L’oiseau qui porte le nom banal de Fifi Rouge-Gorge appartient aux Vertes. Celles-ci s’en montrent très jalouses. La cage est accrochée dans leur classe ou posée sur le rebord de leur fenêtre. Toute ceinture étrangère est priée de passer au large.

— En allez-vous, Suzanne, vous l’effarouchez ; il ne peut pas souffrir le jaune.

Au dire de ses tutrices, cet étrange oiseau ne supporte que le vert.

L’été, les petites l’emmènent au Gros Poirier où elles passent l’après-midi ; et leur sollicitude ne lui laisse pas un instant de répit. On le trimbale du soleil à l’ombre et de l’ombre au soleil ; son habitation est remplie de sucre, de biscuit, de verdure et de fruits variés ; la voûte en est ornée de pendentifs nombreux qui font office de joujoux : l’espace libre se trouve très limité.

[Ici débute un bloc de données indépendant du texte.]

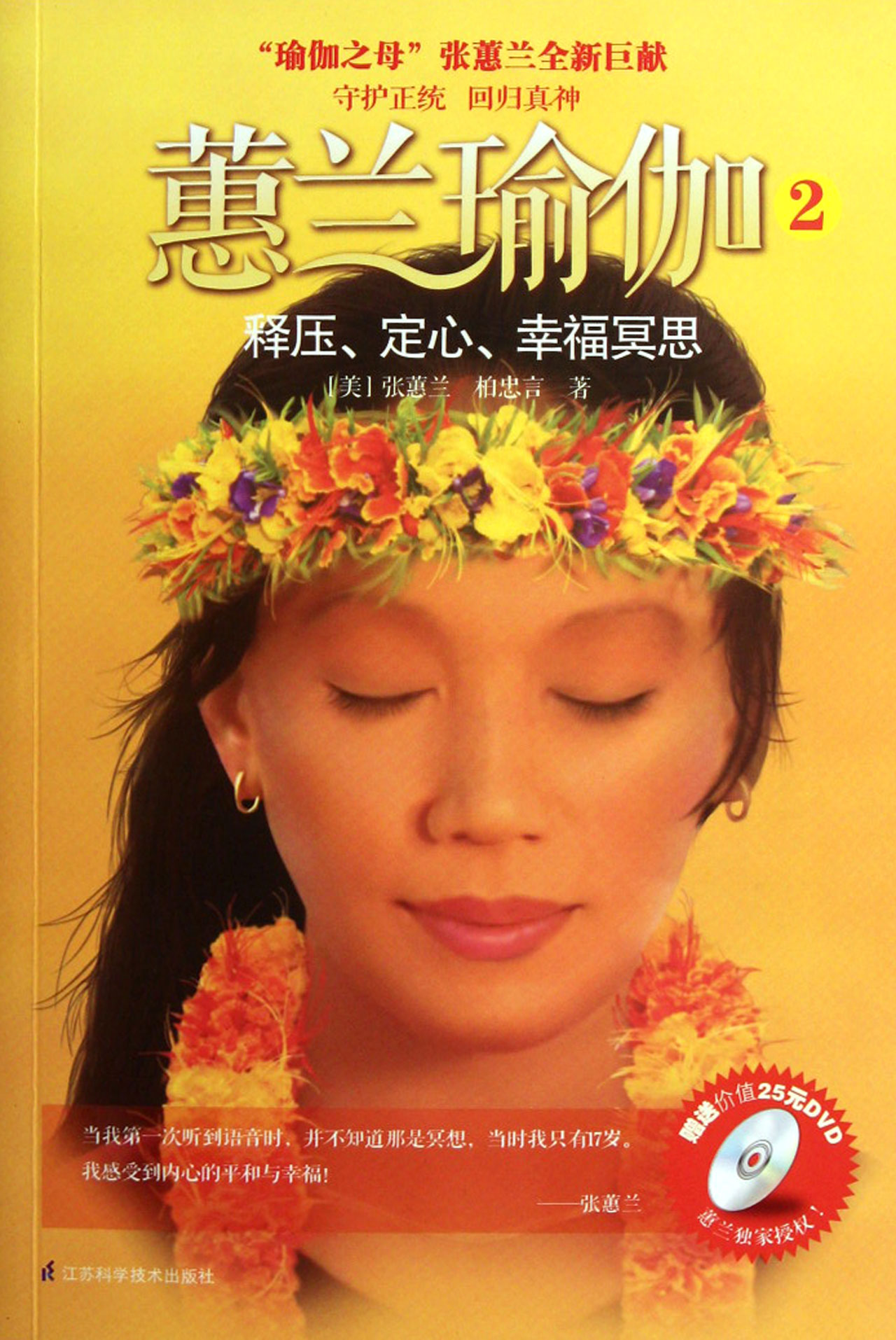 蕙兰瑜伽下载，探索瑜伽世界的全新体验，蕙兰瑜伽下载，全新瑜伽体验之旅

Dans les moments d’effusion, on se presse autour de la cage ; c’est à qui sera le plus près pour être distinguée par Fifi Rouge-Gorge, et on lui crie des amabilités à l’assourdir.

Le plus curieux, est que Fifi Rouge-Gorge semble se complaire au milieu du vacarme et de la bousculade. Quand, par hasard, ses jeunes tutrices, occupées à quelque tâche, le laissent en repos, on le voit immobile et silencieux sur son bâton. A la moindre velléité de récréation, il s’agite, se met à voleter dans sa cage, chante et piaille de bonheur.

En dépit de ce surmenage et des conditions hygiéniques déplorables dans lesquelles il se trouvait, Fifi Rouge-Gorge vécut très vieux. Marie-Rose, qui l’avait reçu de ses anciennes, le transmit à la génération suivante. Devenue Jaune, elle ne s’inquiéta plus de son sort.


L’année de Marie-Rose, M. l’abbé fit cadeau à son catéchisme de première communion, d’un joli petit cochon d’Inde qui fut baptisé de ce nom légèrement prétentieux : « le Phénix ».